> **YOUR INSTRUCTIONS**
Exact copy, no pictures: return only the lines below from the line with "Световой прибор INVOLIGHT LEDMH1915ZW" up to and including the line with "2013 Jeep Grand Cherokee фото".

> **RECORD EXCERPTS**
################

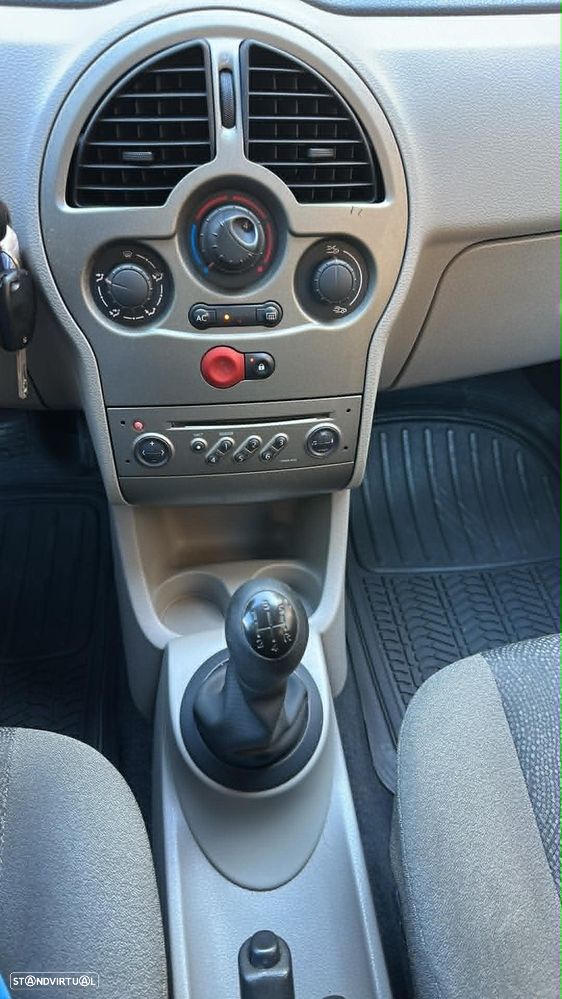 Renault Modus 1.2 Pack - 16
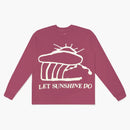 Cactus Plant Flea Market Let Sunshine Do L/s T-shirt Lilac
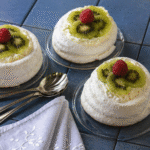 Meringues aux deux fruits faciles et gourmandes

################

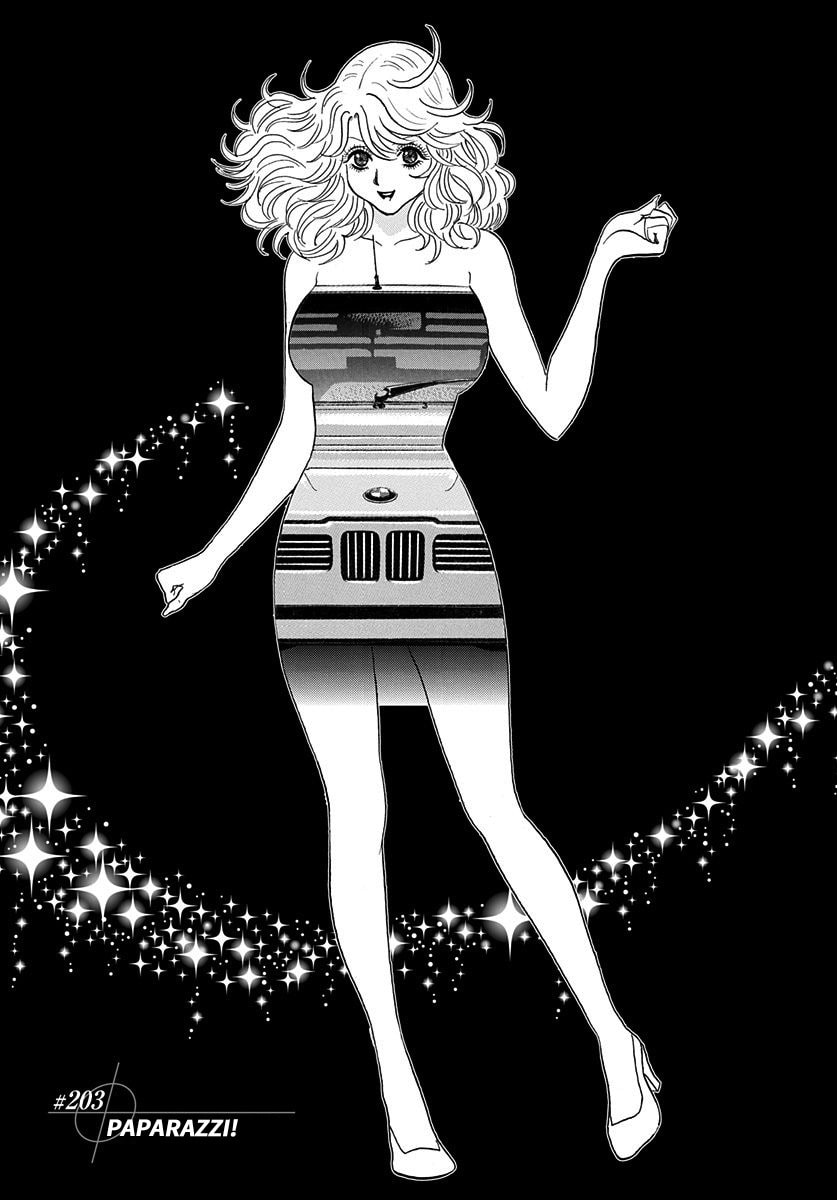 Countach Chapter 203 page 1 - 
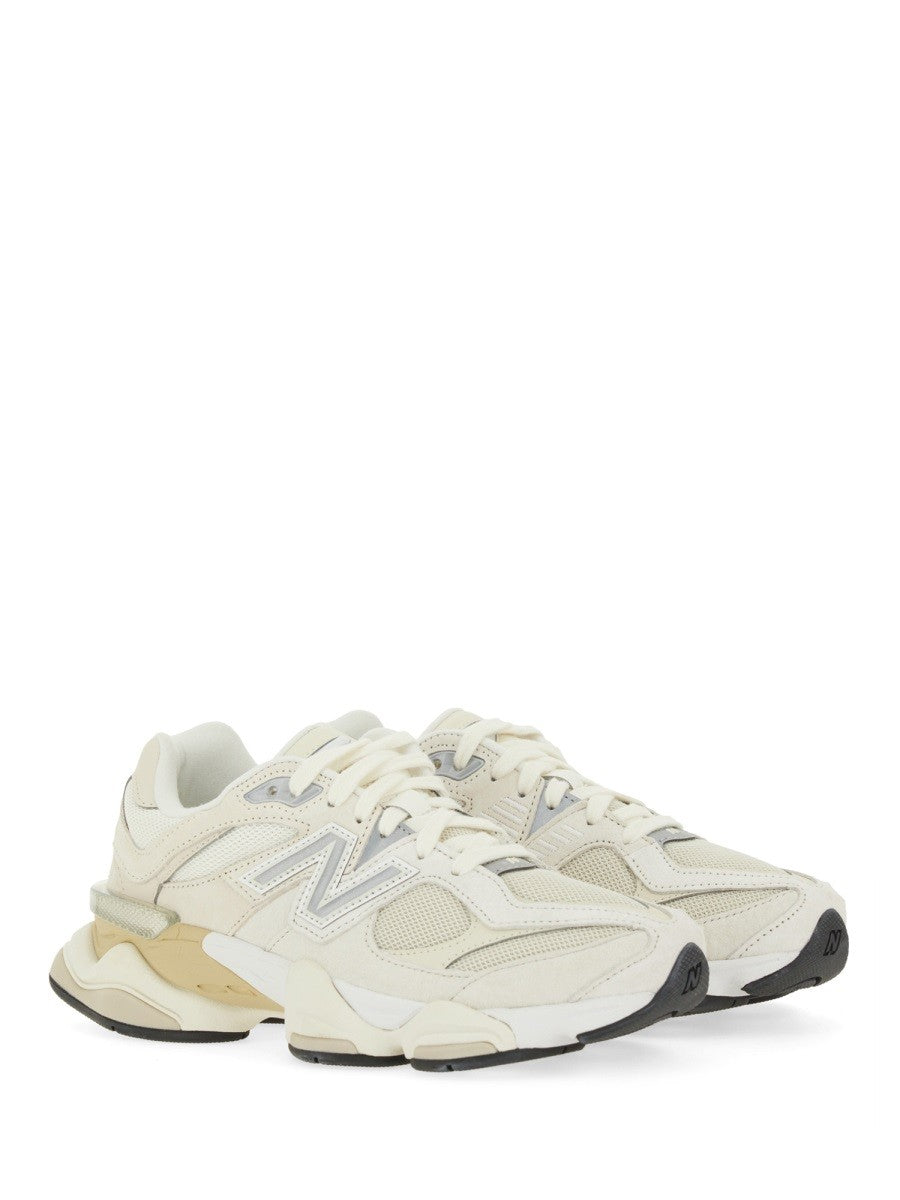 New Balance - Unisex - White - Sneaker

################

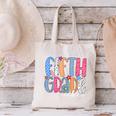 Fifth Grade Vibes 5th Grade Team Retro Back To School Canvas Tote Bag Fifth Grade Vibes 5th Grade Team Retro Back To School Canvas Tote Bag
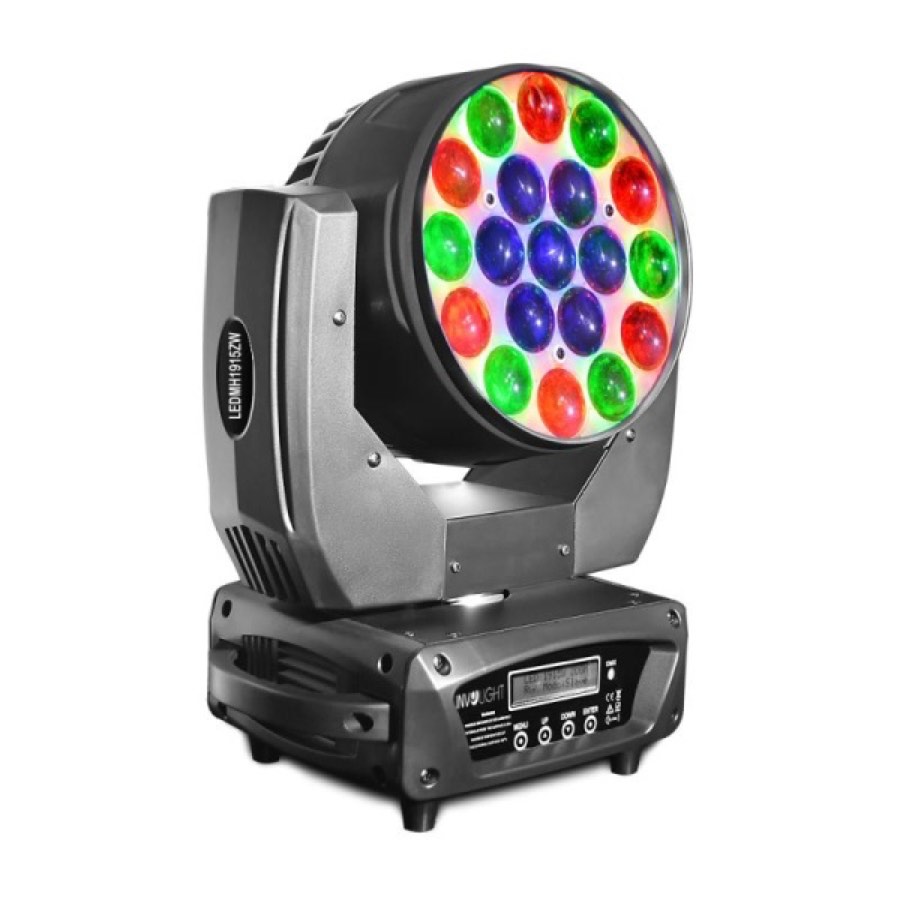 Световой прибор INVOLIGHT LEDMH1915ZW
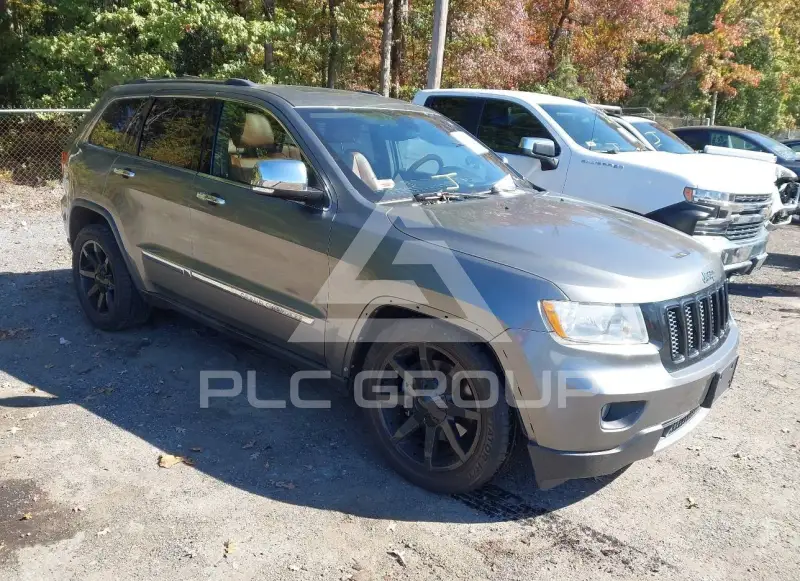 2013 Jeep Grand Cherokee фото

################

> **TASK RESULT**
 Световой прибор INVOLIGHT LEDMH1915ZW
 2013 Jeep Grand Cherokee фото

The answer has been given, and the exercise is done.